I know some people are fans of LMAs. I use them on appropriate patients, but trauma is a big no no IMHO.
 
i go tube every time on these patients. Trauma patients are considered full stomach to me. 7 hours post trauma and probably had some narcotics in the ED? LMA is a big no go. There is literally no real benefit to it and potential risk of aspiration which ain't worth it to me. If it's my kid, just the tube in. If they have a hoarse voice for the next couple hours I'll get over it. If they aspirate and spend several days in the ICU, I will not take it well.

I know some people are fans of LMAs. I use them on appropriate patients, but trauma is a big no no IMHO.

so if a old man comes in with a fractured hip going for repair, been 20 hours since he last drank or ate. you would go straight to tube? no spinal?
 
so if a old man comes in with a fractured hip going for repair, been 20 hours since he last drank or ate. you would go straight to tube? no spinal?

I said no LMA, I didn't say no spinal. Cases can be done without general anesthesia. But if I'm going for GA, I'm going with the ETT.
 
I said no LMA, I didn't say no spinal. Cases can be done without general anesthesia. But if I'm going for GA, I'm going with the ETT.

i mean with a spinal would you give sedation? if during the case w spinal alone and patient gets agitated would you just convert to GA
 
i mean with a spinal would you give sedation? if during the case w spinal alone and patient gets agitated would you just convert to GA
Yes and yes. In the former case, you make sure you maintain good airway reflexes (people sleep with full stomachs without aspirating every night). In the latter, you do RSI.
 
I tend to lean towards ETT in these cases.

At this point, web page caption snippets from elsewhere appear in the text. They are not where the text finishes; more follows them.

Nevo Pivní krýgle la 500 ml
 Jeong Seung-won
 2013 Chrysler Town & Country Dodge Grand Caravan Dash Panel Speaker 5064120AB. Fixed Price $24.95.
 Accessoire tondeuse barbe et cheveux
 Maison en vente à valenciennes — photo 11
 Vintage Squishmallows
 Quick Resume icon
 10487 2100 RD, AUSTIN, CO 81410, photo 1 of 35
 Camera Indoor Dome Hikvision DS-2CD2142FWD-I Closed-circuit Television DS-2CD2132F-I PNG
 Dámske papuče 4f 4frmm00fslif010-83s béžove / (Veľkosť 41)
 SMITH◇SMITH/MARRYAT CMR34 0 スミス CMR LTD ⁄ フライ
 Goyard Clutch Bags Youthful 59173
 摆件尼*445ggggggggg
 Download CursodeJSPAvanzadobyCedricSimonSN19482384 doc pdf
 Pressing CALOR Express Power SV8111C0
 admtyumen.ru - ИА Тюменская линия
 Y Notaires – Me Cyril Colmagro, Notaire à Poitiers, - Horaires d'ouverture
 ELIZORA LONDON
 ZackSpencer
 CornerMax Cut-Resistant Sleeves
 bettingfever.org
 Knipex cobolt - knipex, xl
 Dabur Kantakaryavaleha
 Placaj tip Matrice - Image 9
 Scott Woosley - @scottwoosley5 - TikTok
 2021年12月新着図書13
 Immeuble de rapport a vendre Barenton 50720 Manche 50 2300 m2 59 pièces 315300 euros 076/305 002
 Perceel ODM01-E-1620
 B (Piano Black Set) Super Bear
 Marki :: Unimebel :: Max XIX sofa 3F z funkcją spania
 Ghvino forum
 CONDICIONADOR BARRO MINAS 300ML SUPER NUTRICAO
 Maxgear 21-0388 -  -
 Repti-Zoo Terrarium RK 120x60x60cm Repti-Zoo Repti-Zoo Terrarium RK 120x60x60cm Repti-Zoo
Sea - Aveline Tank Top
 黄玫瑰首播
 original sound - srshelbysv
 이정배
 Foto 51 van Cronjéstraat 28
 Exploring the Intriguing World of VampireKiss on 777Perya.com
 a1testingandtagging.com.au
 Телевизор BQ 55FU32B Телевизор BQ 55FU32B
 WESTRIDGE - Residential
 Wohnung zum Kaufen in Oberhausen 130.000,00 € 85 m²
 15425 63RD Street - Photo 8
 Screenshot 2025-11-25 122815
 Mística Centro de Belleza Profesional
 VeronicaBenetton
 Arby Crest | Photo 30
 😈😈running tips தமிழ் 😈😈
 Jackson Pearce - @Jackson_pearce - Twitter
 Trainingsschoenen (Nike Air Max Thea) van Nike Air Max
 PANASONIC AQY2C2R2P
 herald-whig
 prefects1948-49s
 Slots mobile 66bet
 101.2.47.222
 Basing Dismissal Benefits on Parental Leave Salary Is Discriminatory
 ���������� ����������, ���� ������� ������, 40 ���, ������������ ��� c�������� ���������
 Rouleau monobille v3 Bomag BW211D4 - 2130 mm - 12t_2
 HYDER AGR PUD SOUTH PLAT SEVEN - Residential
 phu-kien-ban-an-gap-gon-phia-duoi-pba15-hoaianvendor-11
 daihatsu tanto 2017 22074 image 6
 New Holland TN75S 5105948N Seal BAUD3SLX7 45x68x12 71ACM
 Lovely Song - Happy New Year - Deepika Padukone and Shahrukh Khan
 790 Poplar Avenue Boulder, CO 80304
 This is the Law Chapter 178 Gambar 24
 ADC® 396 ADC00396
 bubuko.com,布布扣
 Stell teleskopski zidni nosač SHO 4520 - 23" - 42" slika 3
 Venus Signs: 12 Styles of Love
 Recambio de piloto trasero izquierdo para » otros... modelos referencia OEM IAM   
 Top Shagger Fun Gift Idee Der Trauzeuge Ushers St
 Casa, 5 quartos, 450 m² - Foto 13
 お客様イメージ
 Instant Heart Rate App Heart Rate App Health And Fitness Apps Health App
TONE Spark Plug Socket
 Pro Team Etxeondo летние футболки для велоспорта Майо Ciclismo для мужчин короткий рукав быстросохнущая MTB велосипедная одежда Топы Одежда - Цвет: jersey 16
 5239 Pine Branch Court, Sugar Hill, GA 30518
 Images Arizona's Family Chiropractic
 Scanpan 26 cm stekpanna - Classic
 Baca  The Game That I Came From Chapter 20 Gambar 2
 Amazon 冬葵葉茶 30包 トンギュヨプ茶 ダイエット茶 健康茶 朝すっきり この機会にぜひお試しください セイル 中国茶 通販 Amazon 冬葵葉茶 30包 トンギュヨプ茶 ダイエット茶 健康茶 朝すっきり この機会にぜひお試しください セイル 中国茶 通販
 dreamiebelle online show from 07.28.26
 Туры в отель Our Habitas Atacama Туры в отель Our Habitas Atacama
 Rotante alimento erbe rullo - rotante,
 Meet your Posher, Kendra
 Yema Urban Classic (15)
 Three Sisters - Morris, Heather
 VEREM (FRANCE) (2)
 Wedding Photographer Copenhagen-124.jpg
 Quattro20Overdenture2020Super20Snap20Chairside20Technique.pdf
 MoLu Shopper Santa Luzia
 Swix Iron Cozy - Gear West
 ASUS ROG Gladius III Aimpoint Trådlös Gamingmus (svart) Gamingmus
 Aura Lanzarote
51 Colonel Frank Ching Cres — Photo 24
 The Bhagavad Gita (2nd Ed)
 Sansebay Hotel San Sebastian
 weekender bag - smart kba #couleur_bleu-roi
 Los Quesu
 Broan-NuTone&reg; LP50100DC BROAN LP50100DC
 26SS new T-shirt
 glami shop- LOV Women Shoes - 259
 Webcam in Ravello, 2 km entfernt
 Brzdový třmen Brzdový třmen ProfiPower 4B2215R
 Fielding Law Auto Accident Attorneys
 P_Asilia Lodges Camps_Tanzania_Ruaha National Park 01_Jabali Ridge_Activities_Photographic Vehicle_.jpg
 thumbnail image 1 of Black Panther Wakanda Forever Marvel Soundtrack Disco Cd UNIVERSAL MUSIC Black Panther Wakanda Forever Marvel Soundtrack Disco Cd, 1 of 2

The length of surgery and prior pain meds always come into account but my philosophy is, if I think about putting a tube in then I’m putting a tube in. With that being said I have also done short trauma case that are hours out from the event with an LMA. But I am very cautious.
 
Okay. Why would we not intubate these patients? I’m hearing a lot of “that patient should get a tube, but sometimes I will do it with LMA.” I realize things aren’t black and white all of the time and there in lies the art of anesthesia. But what are we really saving by here by dropping an LMA instead of a tube?